Il revient avec deux verres et une grande bouteille de jus de fruits.
- Mais monsieur… !
- Assez de modestie, PAGE !
- Merci ! murmuré-je.
Il est sur le point de remplir les verres, mais je m'y oppose.
- Non, laissez monsieur. C'est à moi de vous servir !
- Jusqu'à quand allez-vous refuser que je vous serve ? J'avoue que tant d'attention, de respect envers ma personne me plaît bien, mais non ! Aujourd'hui, l'homme galant que je suis avant tout vous servira. Et ce sera désormais ainsi tant que vous serez en ma présence.
- Mais…
- N'insistez pas. C'est un ordre ! ajoute-t-il en me souriant.
Vaincue, je suis. Je le laisse faire.
- PAGE !
- Oui, monsieur ! acquiescé-je en déposant mon verre vide.
- Parlez-moi de vous.
A cette question là, je ne m'attendais pas du tout.
- Il n'y a ... rien d'important à savoir sur moi.
- Peut-être. Mais je souhaite en apprendre plus sur vous. Je sais que, par le passé, je vous ai dit que cela n'avait pas d'importance. Mais ce n'est plus le cas aujourd'hui.
Puisqu'il insiste, je lui parle brièvement de moi, de mon village natal, de comment j'ai atterri en ville, de mon niveau d'études.
Je ne fais nullement mention de la prostitution et des parties sombres de mon enfance.
- Vous voyez, monsieur, ma vie est banale.
- Aucune vie n'est banale, PAGE. La vôtre encore moins. Mais dites-moi, qu'avez-vous fait après avoir quitté l'école ?
Sa question me met mal à l'aise.
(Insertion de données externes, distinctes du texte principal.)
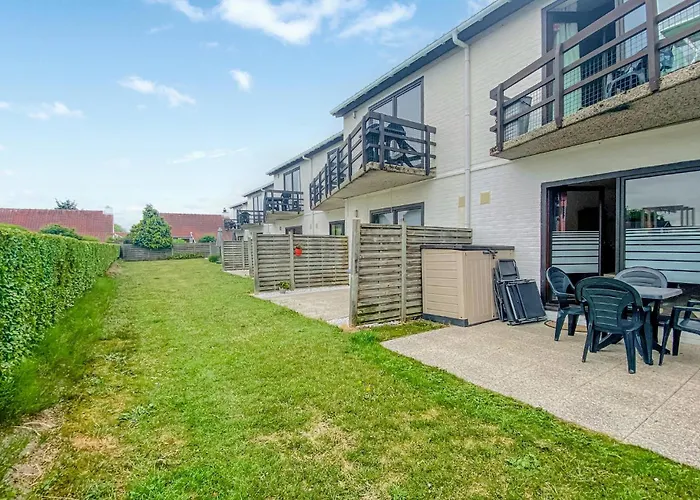 Beautiful Apartment In Bredene With Kitchen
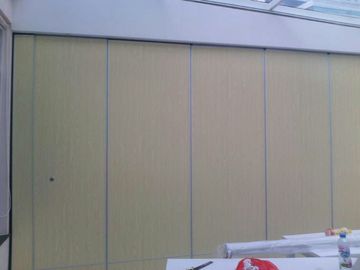 Aluminiowe kółka przenośne drewniane przesuwne panele ścienne na wystawę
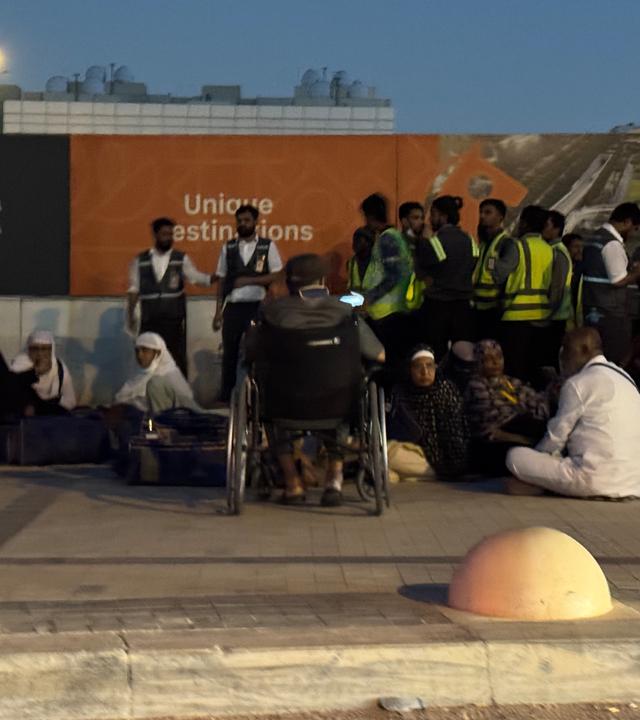 Menschen versammeln sich vor einer U-Bahn-Station an der Straße zum King-Chalid-Airport in Riad, Saudi-Arabien.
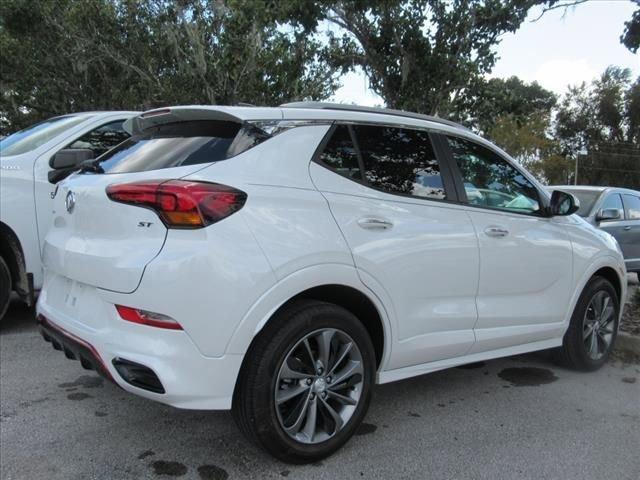 2022 buick encore gx select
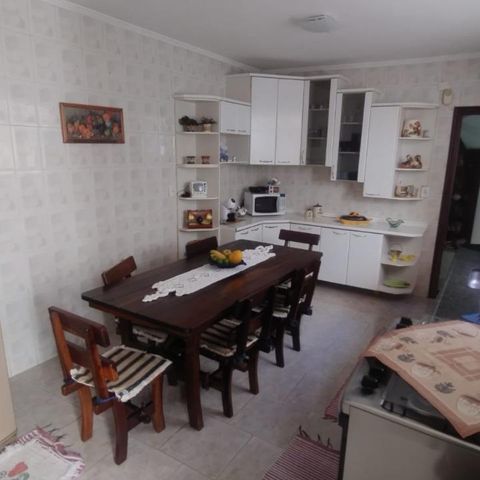 Casa à venda com 152m², 4 quartos e 2 vagas Casa à venda com 152m², 4 quartos e 2 vagasCOZINHA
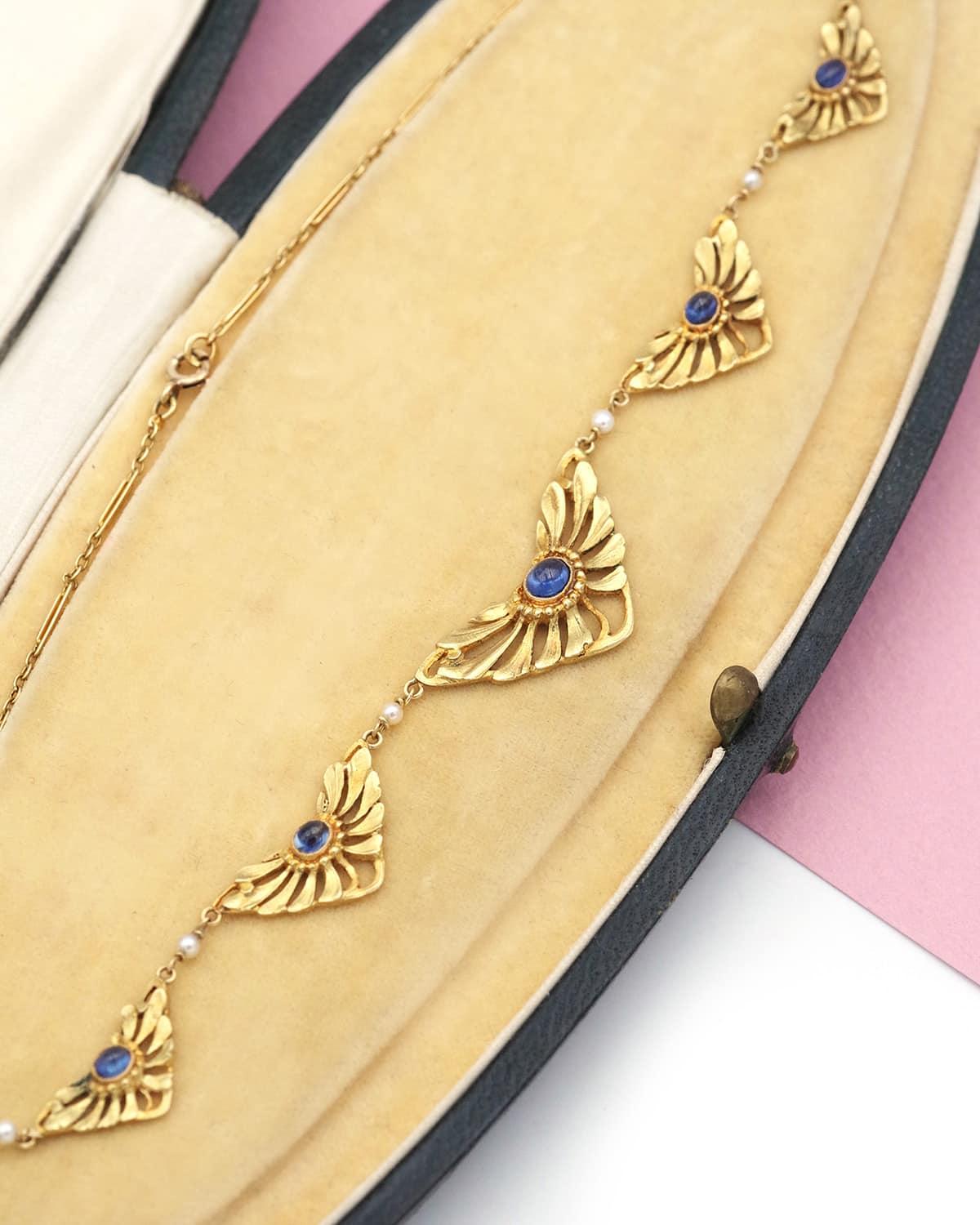 Collana Art Nouveau con drappeggio di fiori di zaffiro, oro 18 carati in vendita 2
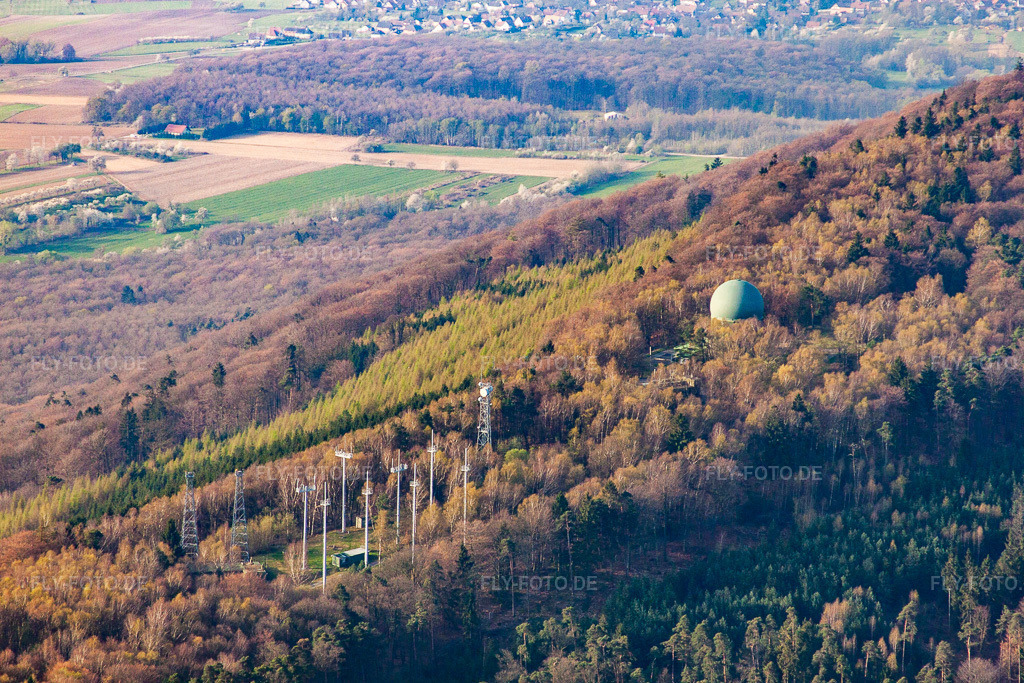 Luftbild: Radaranlagen in Lampertsloch im Bundesland Bas-Rhin in Frankreich. Foto: IMG_63672.jpg vom 30.03.2014 durch Werner Riehm/FLY-FOTO.de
Je ne peux quand même pas lui dire que j'ai passé mon temps à me prostituer.
- Eh bien, je … cumulais de petits boulots.
- Je vois, dit-il simplement.
Ouf !
- Et vous n'avez aucune famille en ville ?
- J'avais une soeur, Carine, mais elle n'est plus.
- Je suis désolé. Mais qu'est-ce qu'elle a eu ?
- Elle est décédée dans… un accident de circulation.
- Bien triste. Que son âme repose en paix ! Ce n'est facile pour personne de perdre un être cher. C'est comme si l'on arrachait une partie de soi, un organe sans lequel l'on ne peut pas vivre normalement. En tout cas, c'est mon cas ; c'est ce que je ressens. Ma vie n'est plus pareille depuis que la femme de ma vie est partie. Sans elle, je ne vis plus. Je survis simplement. Je m'accroche juste à la vie. Surtout pour Milena. Je…
Il ne termine pas sa phrase. Ses yeux semblent fixer l'horloge au mur.
- Oups ! J'étais si absorbé par notre discussion que je n'ai pas vu le temps passer. C'est certain, PAGE, votre compagnie m'est très agréable.
- Merci, monsieur.
- Il est à présent temps que nous regagnons nos chambres respectives. Car demain, nous devrons nous réveiller tôt : Vous, pour apprêter Milena et moi, pour me rendre à mon cabinet d'architecture que j'espère pouvoir faire visiter à toutes les deux très bientôt.
- Bien, monsieur. Une fois encore, je vous remercie pour ces moments privilégiés. Bonne nuit !
- Je vous en prie, PAGE ! Bonne nuit à vous aussi !
Mes yeux tombent sur les verres vides. J'entreprends de les enlever mais…
- Non, PAGE, laissez-ça ! Je m'en occuperai plus tard.
En parlant, sa main touche la mienne.
- Bien, mon..sieur, baragouiné-je en fuyant son regard.
Me voici à l'extérieur de la pièce. J'expire profondément... Aux commissures de mes lèvres, se dessine un sourire.